From Everyday Citizen to Hero: How CPR Saves Lives

 In Emergency Tips, First Aid, Health Tips, Inspirational, Training

Tom enters the Farmers Insurance building in Seattle with colleague Alex Schimp. It’s a short walk – “not too strenuous,” Tom says – to go to the “war-room,” an upstairs conference room best-known for its flurry of notes of all shapes, sizes and colors scattered all over the walls. Alex enters the war-room. Tom follows.

“Oh my,” Tom says as he enters the war-room behind Alex. A typical war-room response. But as Alex turns around, he quickly realizes the war-room is the last thing on Tom’s mind.

Tom slips and falls right in the doorway backward due to the weight of his backpack. At least, that’s what Alex thinks at first. Tom’s eyes aren’t moving. Tom then gives an agonal gasp and exhales.

“It seemed like it was slow motion,” Alex recalls. Alex moves Tom out of the doorway and shouts for help. Farmers’ team members arrive on the scene, call 911 and help get Tom’s backpack off so he can lay flat on the floor. A woman administers chest compressions to Tom. A front desk security officer locates a bag valve mask to help Tom breathe. The security officer also searches for an automated external defibrillator (AED). Farmers have an AED on hand, but there’s not enough time to use it.

2 minutes, 35 seconds. Emergency medical services (EMS) responders arrive 2 minutes, 35 seconds after the 911 call. In total, eight emergency medical technicians (EMTs), firefighters and police officers – one-and-a-half blocks away from the Farmers office – respond to the call. EMS responders perform two AED shocks on Tom and get no response from him. On the third try, EMS responders get a response. It takes EMS responders another 10 minutes of shocking Tom’s heart to stabilize him. Then, they transport Tom to a nearby hospital.

Tom is unconscious, but his heart is beating, and he has a breathing tube in place. He is put into a state of hypothermia to lower his body temperature. After a few days, doctors successfully raise Tom’s body temperature, and Tom regains consciousness.

Like the capsule in “Apollo 13,” Tom’s body is very slow to restart. His vision is blurred. His body aches. His balance and motor skills are bad. He has pneumonia. His speech is barely discernable. And there are so many IVs and plugs in his body, Tom loses count. But each day, things get a little better for Tom. And each day, Tom gets a little closer to being his old self.

Doctors perform an angiogram on Tom. They insert a wire into an artery in his wrist and snake it through the artery to his heart. Dye is inserted into Tom’s heart to identify blockages and other potential reasons for Tom’s collapse. No root cause is identified. Tom’s diagnosis: sudden cardiac arrest (SCA).

SCA refers to the unexpected loss of the heart function, breathing and consciousness, and it can happen to any person, at any location and at any time. It occurs due to an electrical disruption that interrupts the heart’s pumping action. When this happens, blood flow ceases to the rest of the body. And if SCA goes unaddressed for more than a few minutes, the consequences can be fatal.
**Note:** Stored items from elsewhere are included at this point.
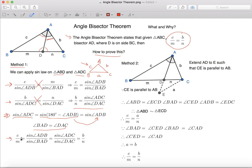So, C over M equals to Sine Angle ADB over Sine Angle BAD. We know that Sine Angle ADB equals to Sine Angle ADC, and because Angle BAD equals to Angle DAC, we know that Sine Angle BAD equals to Sine Angle DAC.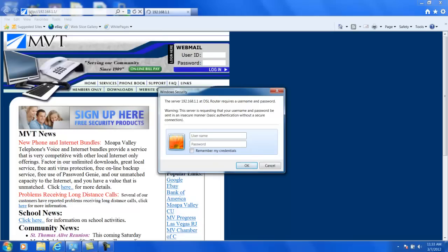If that happens, go ahead and type in the HTTP colon slash slash and then 192.168 is what shows up here. You'll probably see this. This might happen on the newer versions of Internet Explorer and Google Chrome. Firefox and Safari, I have never seen that happen on.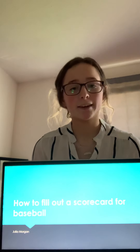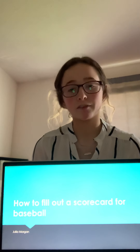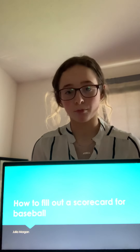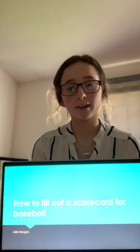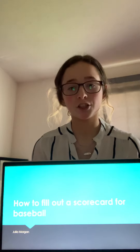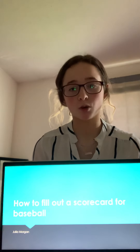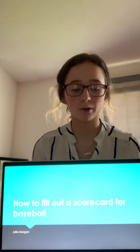My name is Julia Morgan and I'm a freshman here at Marshall University. Today I'm going to be teaching you how to fill out a scorecard for baseball.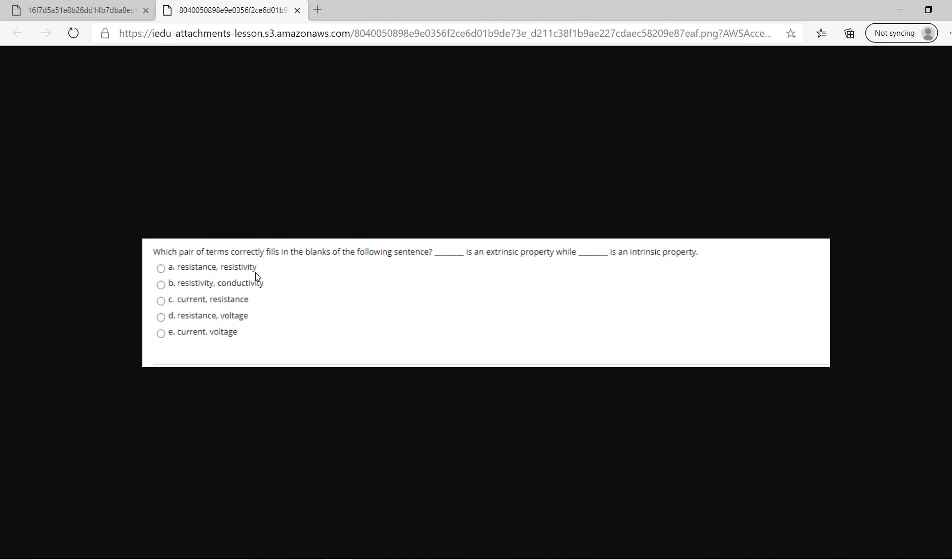Today we'll solve these two simple electricity problems in general physics. Which pairs correctly fill in the blank sentence: something is an extrinsic property while something is an intrinsic property?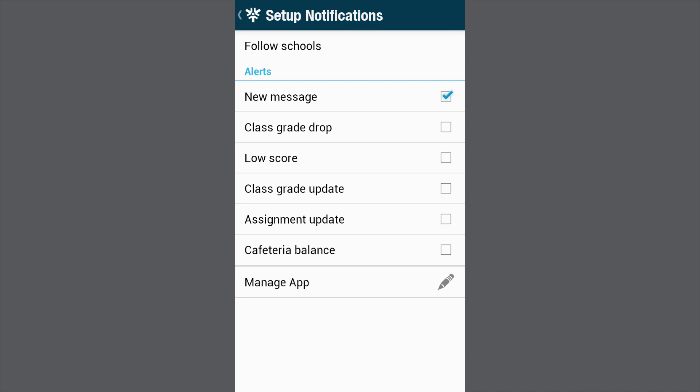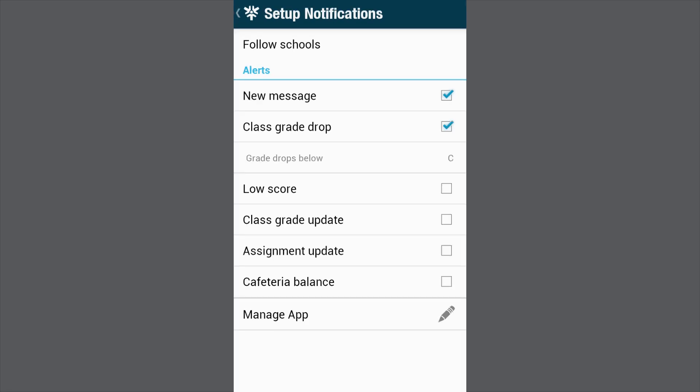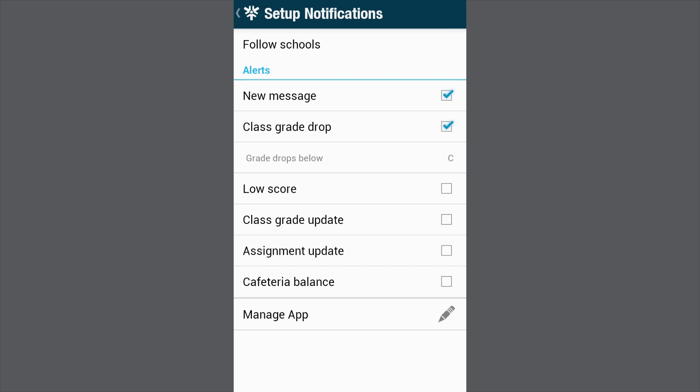So let's set up a threshold for class grade drop. Select class grade drop and then pick your threshold. It's that easy. Thank you.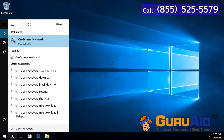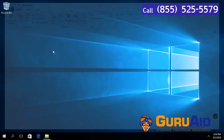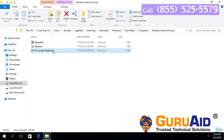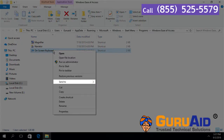Right-click on the on-screen keyboard result and click on 'Open file location'. Then right-click on the on-screen keyboard again, and place the mouse pointer on the 'Send To' option.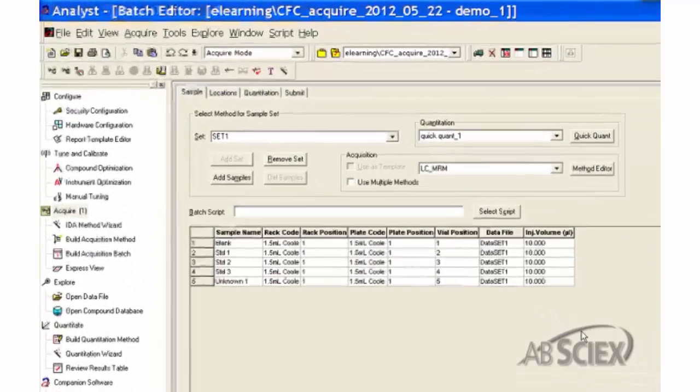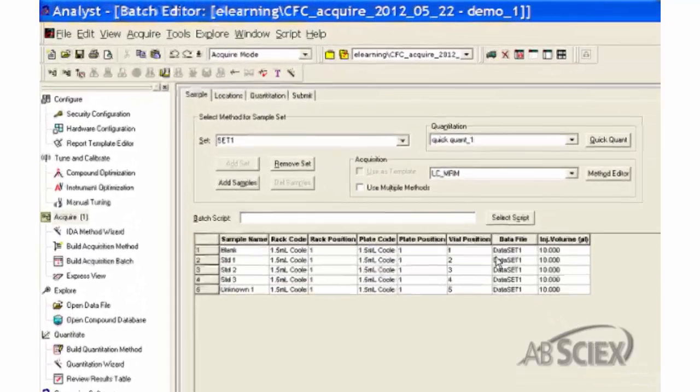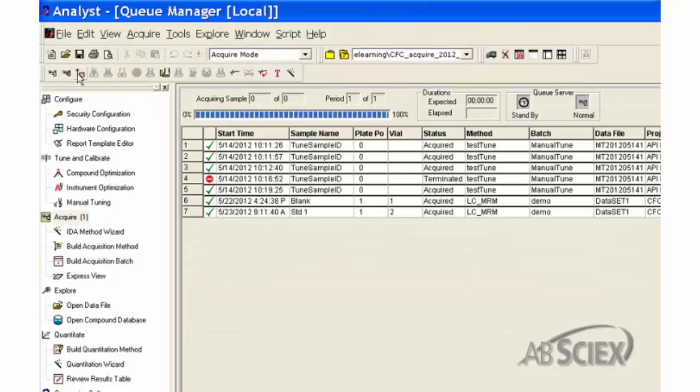To launch the sample queue, click on the Queue shortcut button or choose Sample Queue from the View menu.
Tom had no history of heart trouble, high blood pressure, high cholesterol or other red flags to make him think he was at risk of SCA. Yet SCA is more common than most people think. The Sudden Cardiac Arrest Foundation (SCAF) points out approximately 356,000 people experience EMS-assessed out-of-hospital non-traumatic SCA each year. Among these SCA victims, nine out of 10 die.

“It’s a miracle – yes, a true miracle – that I’m alive today,” Tom says. Tom now has a pacemaker set to provide continuous heart monitoring, as well as a built-in defibrillator that activates in the event that his heart ever stops working. He credits Alex, the Farmers’ team, EMS responders and hospital staff for saving his life.

“Everyone needs to get trained,” Alex says, referring to CPR, “[because] you don’t know when you are going to need it.” Alex received cardiopulmonary resuscitation (CPR) training annually from 1983 to 2000. But prior to the SCA emergency involving Tom, Alex never faced a real-life cardiac emergency. Soon, he plans to receive formal CPR training once again. Alex urges others to sign up for CPR classes, too.

“Think about who is around you all the time. Those are the people that you need to make sure are trained [in CPR],” Alex recommends. There is no telling when a cardiac emergency will happen. With the ability to administer chest compressions and other life-saving techniques to SCA victims, anyone – regardless of age or background – can help reduce the loss of life.